Deep mind, who did the most famous protein folding research, do some great work but they are also known for their marketing genius. It’s actually quite annoying if you work in one of their fields. They often present their stuff like it’s a massive break through but it’s just a normal incremental improvement over what others are doing, which itself will be improved on in the next months and years. It’s good research, don’t get me wrong, but the hype is unwarranted for the most part.

Undoubtedly things are moving fast, we’re going to see lots of disruption over the next few years as we figure out how these technologies fit in. But in another way, it’s not moving that fast. Language models today are essentially the same as they were in 2019, they’ve progressed because thousands of clever people and many billions of dollars have been dedicated to them and still there’s been no major technical or conceptual breakthrough in that time.

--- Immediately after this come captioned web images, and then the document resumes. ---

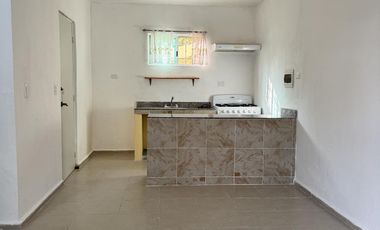 Casa en Venta en Playa del Carmen de 2 habitaciones en Residencial con Alberca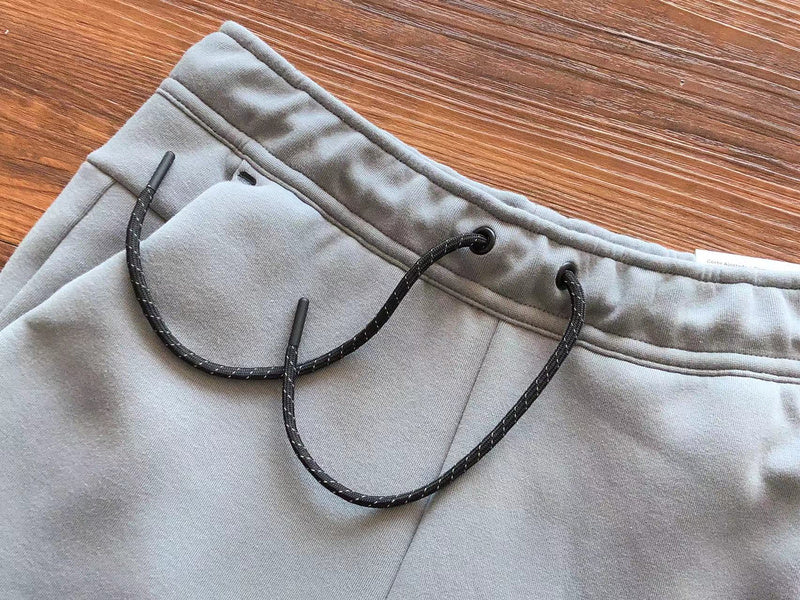 NIKE TECH FLEECE PANTS x GREY/WHITE - Phantom Kicks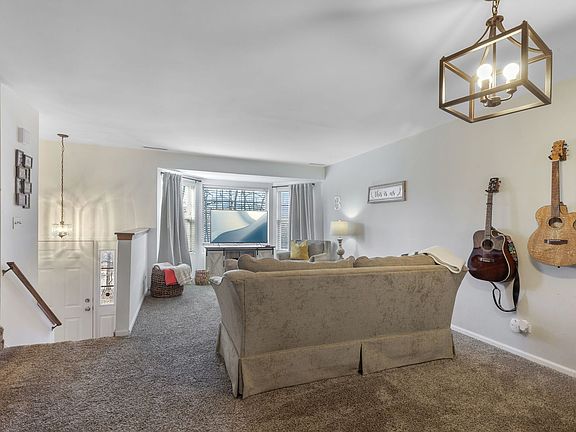 4th image of 329 W Whispering Oaks Ln #329
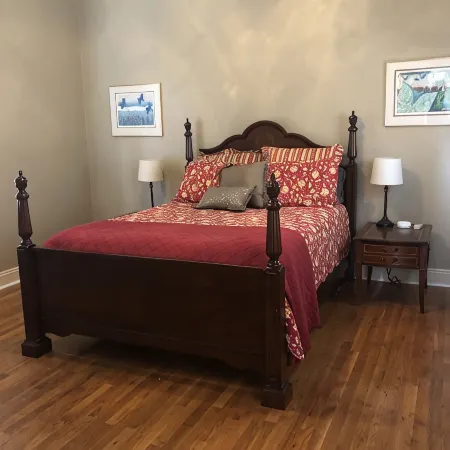 Historic home in Downtown Mobile next to Civic Center and Mardi Gras parades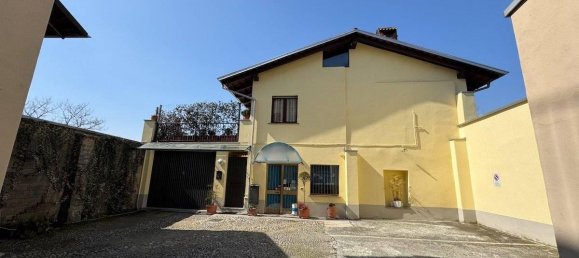 Вилла с 7 комнатами в Биелла, Италия № 36012 5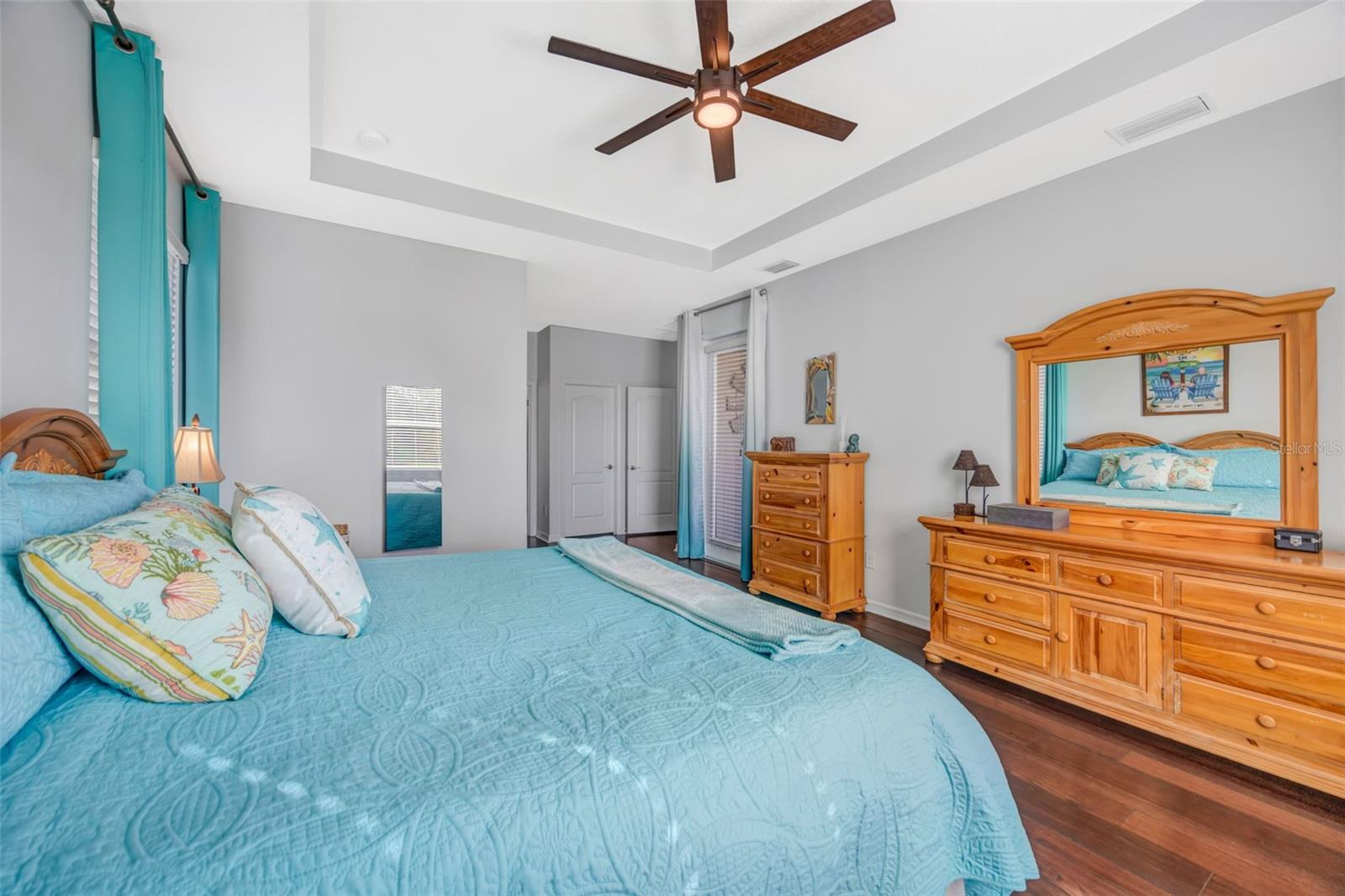 AVALON PARK - Residential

Right now, I remain much less worried about AI than about HS (human stupidity). The reason the economy is struggling, the reason for layoffs and lack of good jobs, the reason for cost of living crisis, lack of housing, and everything feeing a bit shit is absolutely not AI or tech advancement. It’s inequality. The siphoning off of shared resources and the consolidation of power by a few people while the rest of us (including governments) are left to get by with less and less.

user7843209785 · 05/06/2025 18:25

Is no one else horrified at the thought of living to 200! Not for me thanks.